■ ENTRIES SHOWN:
Content starts
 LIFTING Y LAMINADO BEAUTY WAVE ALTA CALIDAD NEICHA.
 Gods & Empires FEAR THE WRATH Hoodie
Content ends
Content starts
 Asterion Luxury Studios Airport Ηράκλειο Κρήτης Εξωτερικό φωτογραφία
Content ends
Content starts
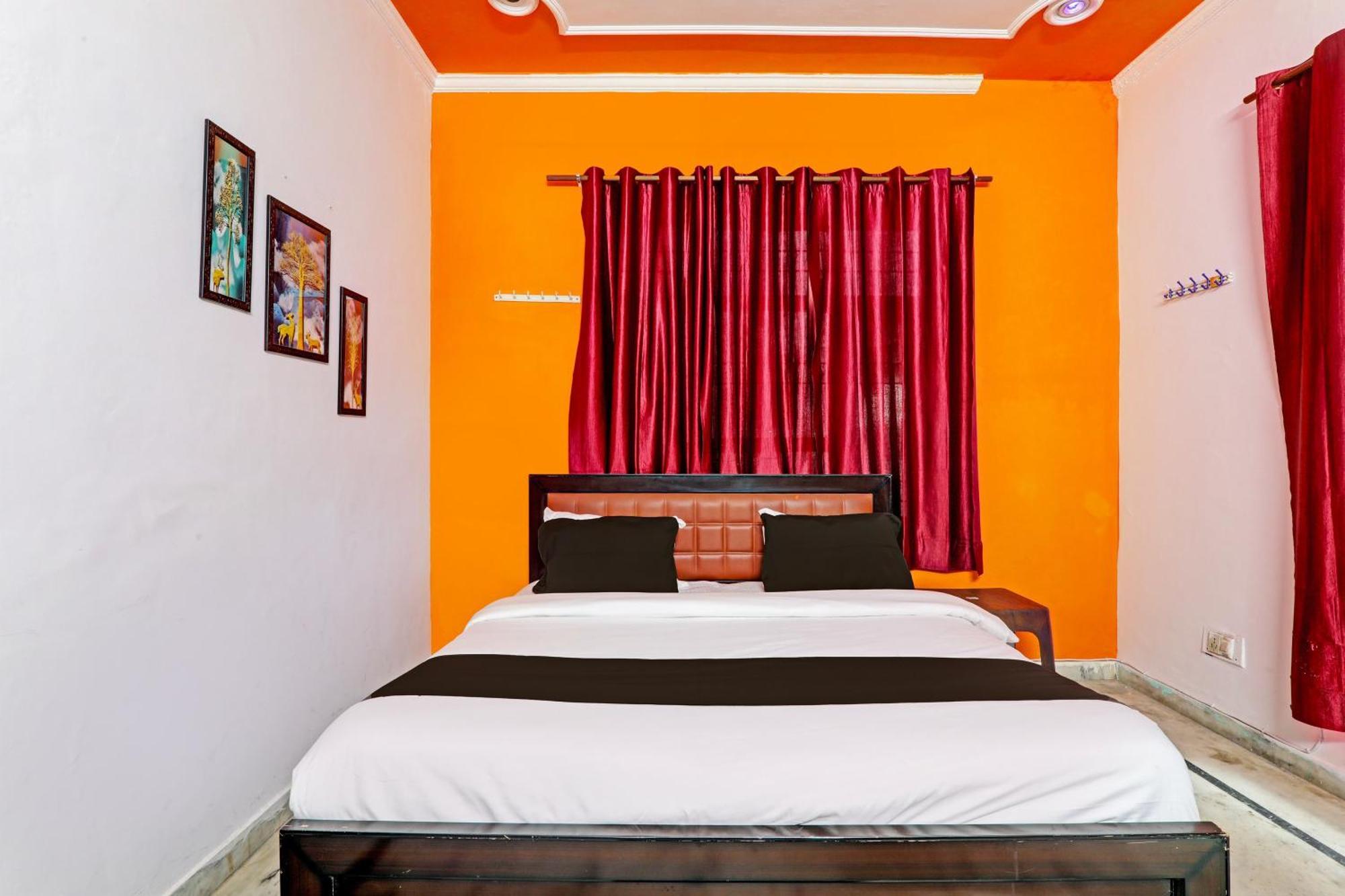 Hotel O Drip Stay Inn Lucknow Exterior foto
Content ends
■ EXERCISE INSTRUCTIONS:
The lines above from the one containing "LIFTING Y LAMINADO" through the one containing "Gods & Empires FEAR THE WRATH Hoodie" are to be set down exactly, and no others.

■ TASK RESPONSE:
 LIFTING Y LAMINADO BEAUTY WAVE ALTA CALIDAD NEICHA.
 Gods & Empires FEAR THE WRATH Hoodie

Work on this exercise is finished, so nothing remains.